Csc 4330/6330, Programming Language Concepts (Spring 2018)

Homework 4a (Due: 11 March (Sunday))

  1. Reduce the following expressions to values:
    (((lambda x (lambda y (+ x y))) 10) 5)
    (((lambda f (lambda x (f x))) (lambda y (* y y))) 12)
    ((((lambda f (lambda x ((f x) f))) (lambda y (lambda g (g (* y y))))) 2) (lambda a a))
  2. For each of the following terms, identify the free variables in each term and identify which terms are closed:
    t1 = x
    t2 = (lambda y y)
    t3 = (lambda x (x x))
    t4 = ((lambda x x) x)
    t5 = (lambda x (lambda y (x y)))
    t6 = (lambda x (x y))
    t7 = ((lambda y x) y)
    t8 = ((((lambda x x) z) x)((lambda y (z y)) y))

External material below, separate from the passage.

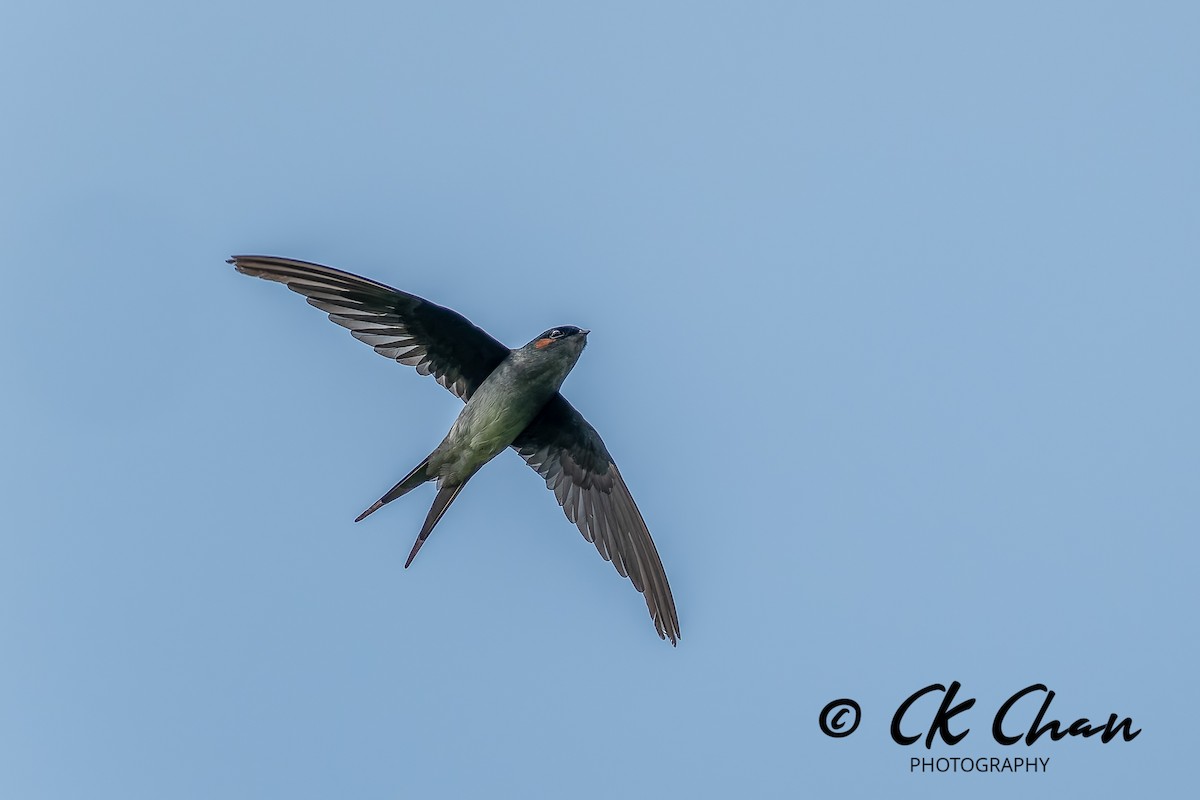 Gray-rumped Treeswift - ML638864488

  3. Using the terms from above, apply the following substitutions and show the resulting expression:
    t1[x := t2]
    t2[y := t3]
    t4[x := t3]
    t6[y := t5]
    t8[z := t2]
  4. Using the terms from above, apply alpha and beta reductions to the following lambda expression :
    t8[z := t3] 
    until you reach an expression which cannot be reduced any further.